Just Eat had trialled the sachets with its restaurant partner, The Fat Pizza, in Southend for six weeks between July and September. The use of the sachets, which are made from an alginate-based material and degrade in approximately six weeks, will now be expanding to 10 London restaurants following “excellent feedback” during the first trial.  

“At Just Eat, we’re committed to tackling plastic pollution in the takeaway industry. We have already taken a number of measures to help reduce the amount of plastic used across the sector and drive environmentally-friendly behaviour across our network.” Just Eat’s UK managing director Graham Corfield said.

“We were delighted to see the first trial of seaweed-based sauce sachets, receive excellent feedback. It is a great initiative and these sachets are fast emerging as an alternative to the traditional plastic packaging. We’re now looking forward to expanding this trial with some of our fantastic restaurant partners across London.”

With more than 11 billion plastic condiment sachets sold globally, Just Eat will assess the feasibility of introducing the sachets – used for ketchup and garlic and herb dips – across its network of 29,000 UK restaurant partners.

Sachets are a prime example of the plastics conundrum. They enable low-income consumers to purchase smaller amounts of a product they otherwise would be unable to afford. However, global infrastructure is ill-equipped to handle them, leading to the items seeping into the natural environment at an alarming rate.

Sachet success

The Ooho! sachets used by Just Eat have been created by packaging firm Skipping Rocks Lab and can be discarded through home compost or in normal household bins.
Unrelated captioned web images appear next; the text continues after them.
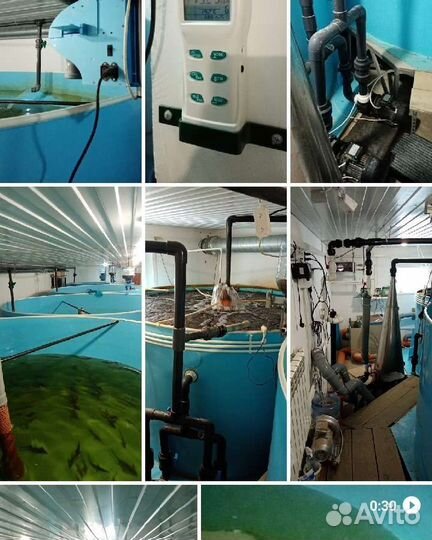 Рыбное хобби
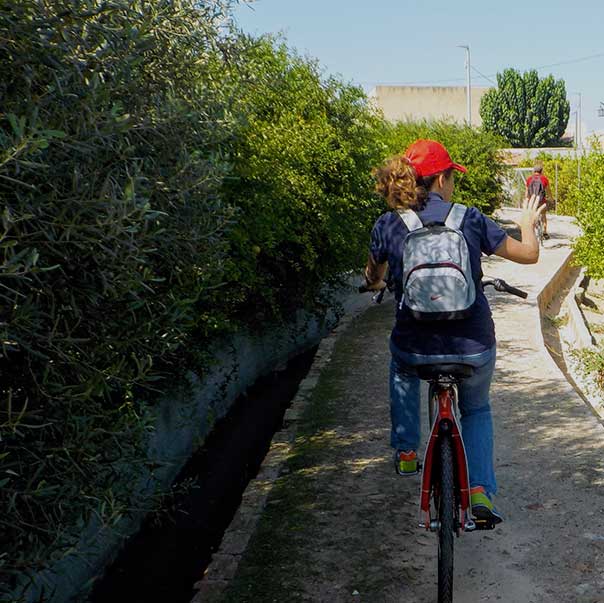 Visita huerta en bicicleta - Visitas guiadas - Turismo de Murcia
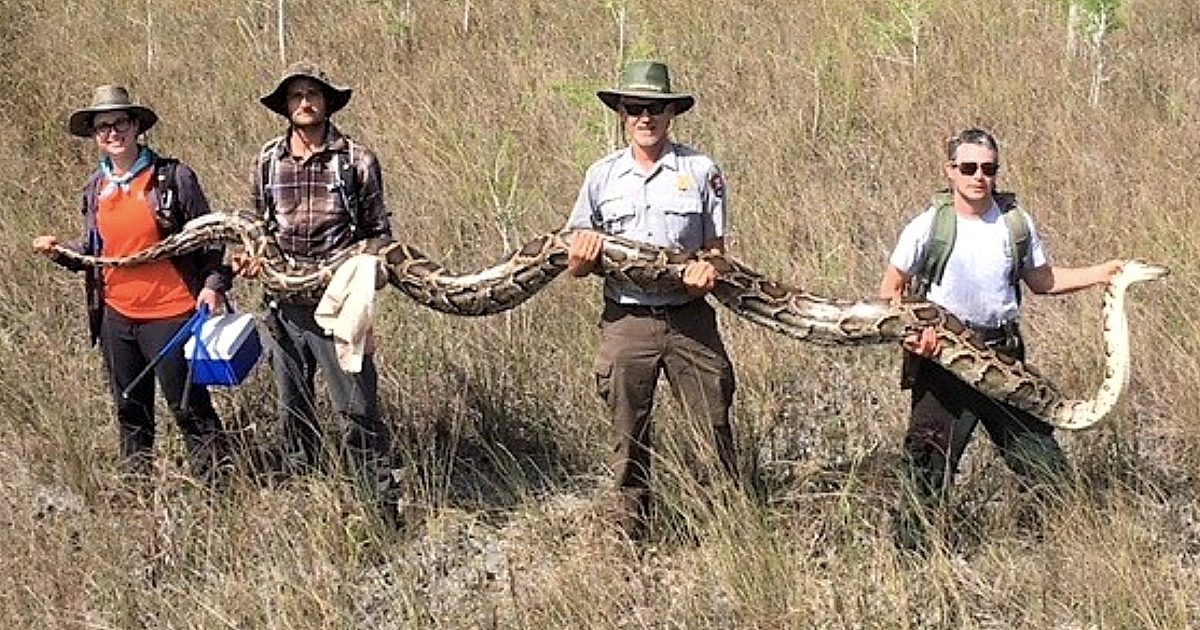 Another Terrifying Record Burmese Python… | Grand View Outdoors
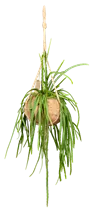 Lepismium bolivianum - Blattkaktus Lepismium bolivianum - Blattkaktus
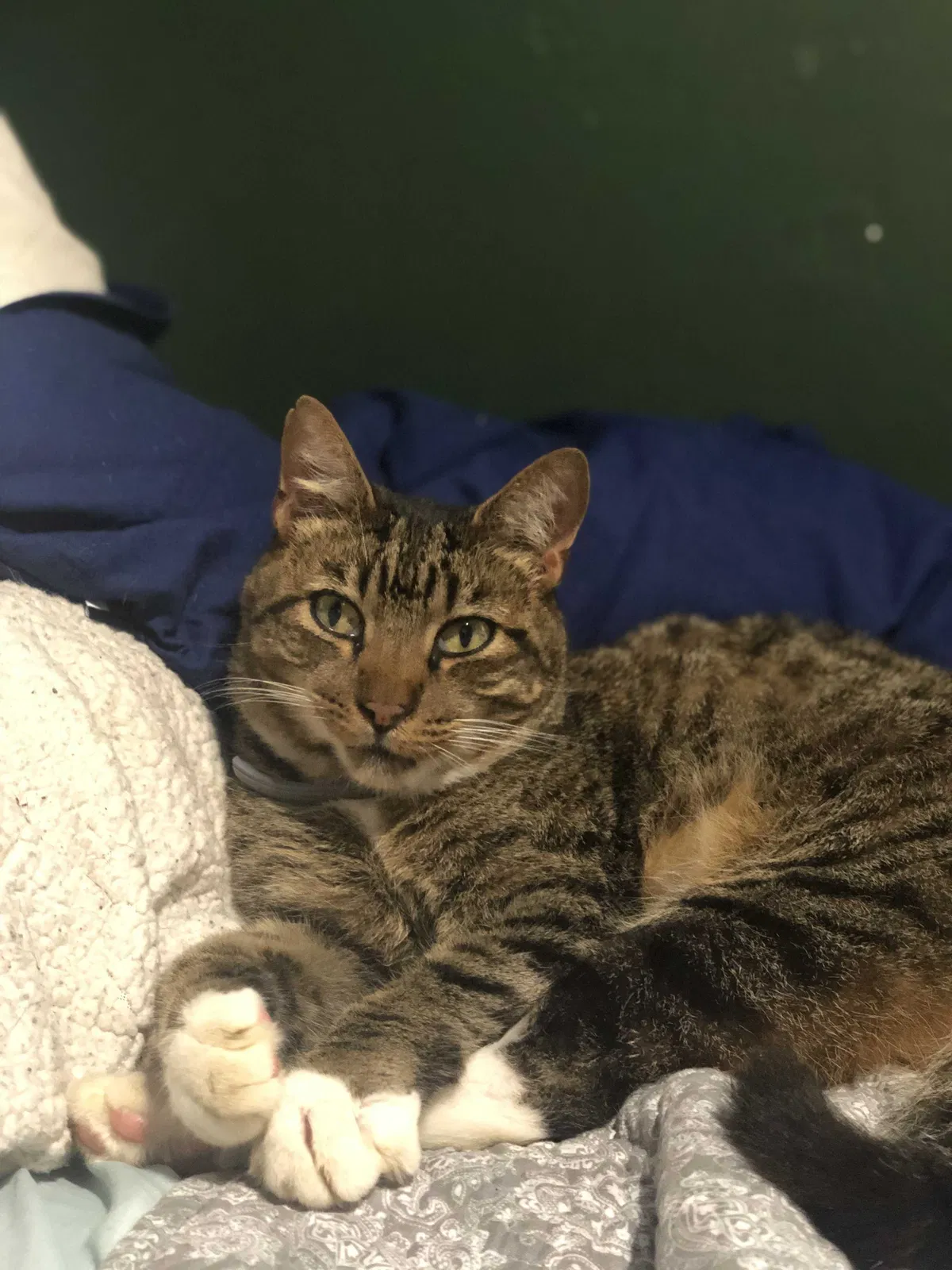 Lost cat in California, MD, 20619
Beverage giant Lucozade Ribena Suntory has also trialled the sachets in recent months, using them as a replacement for single-use plastic bottles and cups at select sporting events.
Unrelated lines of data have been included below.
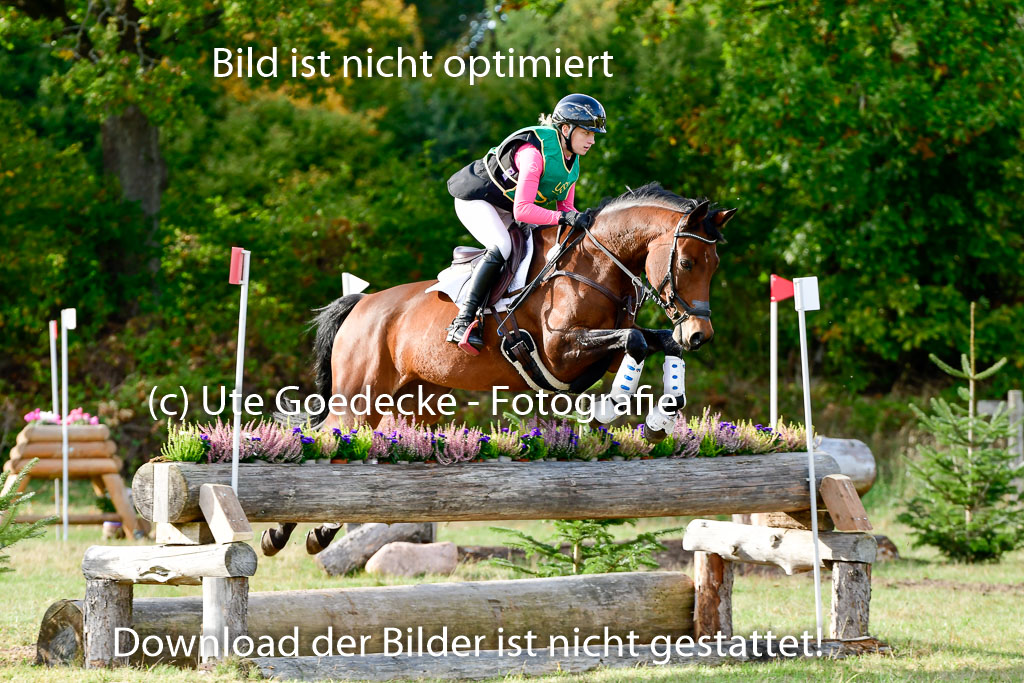 Bad Segeberg 09.10.2022 | 09102022 - XC CCI++ _207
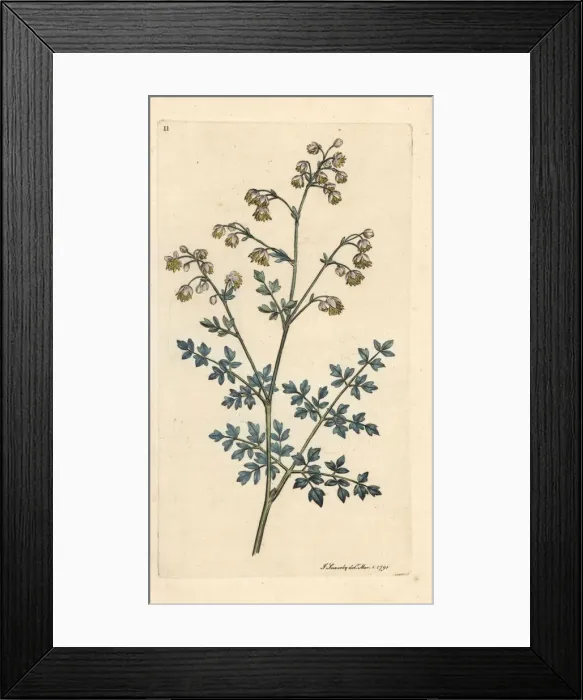 Framed Print : Lesser meadow rue, Thalictrum minus Framed Print : Lesser meadow rue, Thalictrum minus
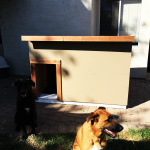 How-to-build-a-XXL-dog-house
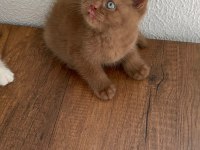 Premium British Shorthair Cinnamon
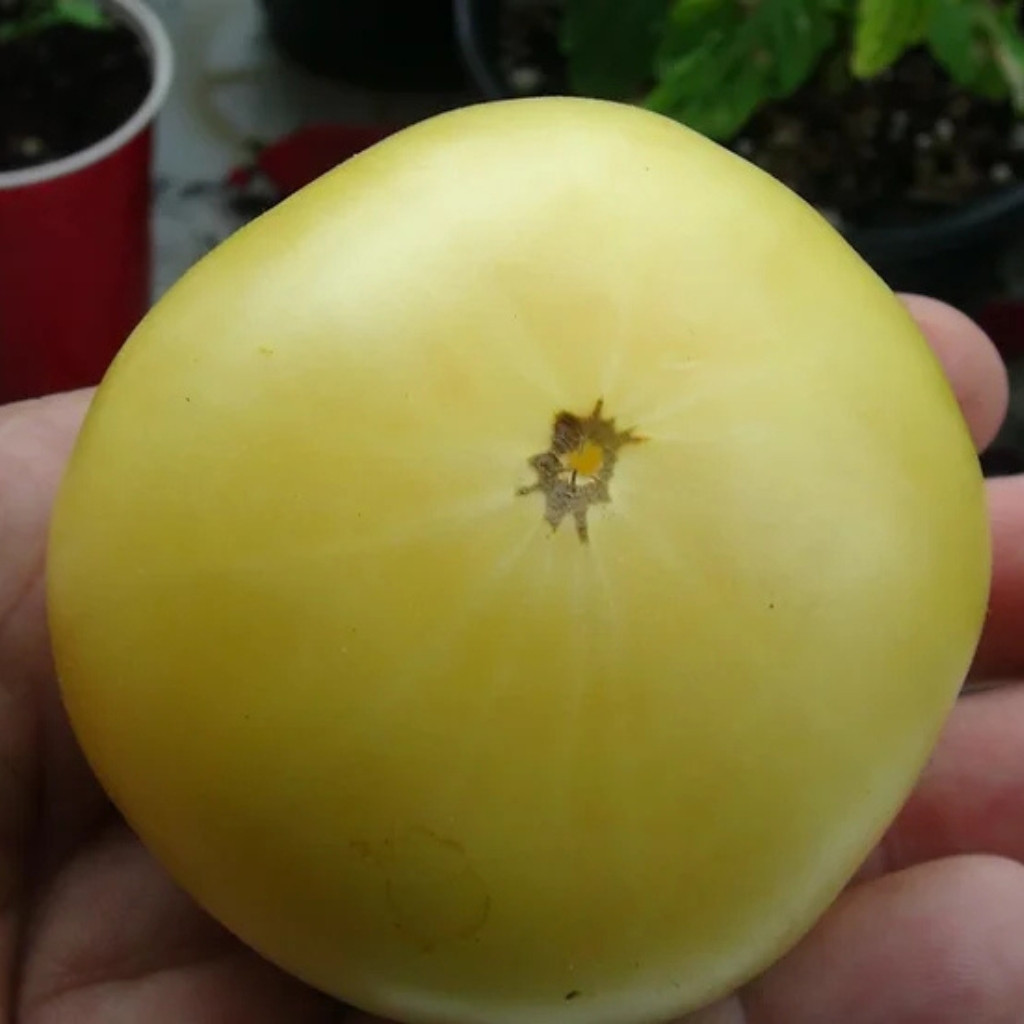 Tomato seeds Dwarf CC McGee - 10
For Just Eat, the sachets form part of a wider commitment introduced in March 2018 to combat a reliance on single-use plastics.

The company stopped selling single-use plastics in its shop in March and is trialling a pre-ticked box on its app and website to encourage consumers to opt out of receiving certain plastic items. To date, 20% of users requested lower volumes of plastic with their food order.

Away from plastics, Just Eat has rolled out discounts on low-carbon vehicles and renewable energy contracts to encourage its restaurant partners to lower emissions across the UK.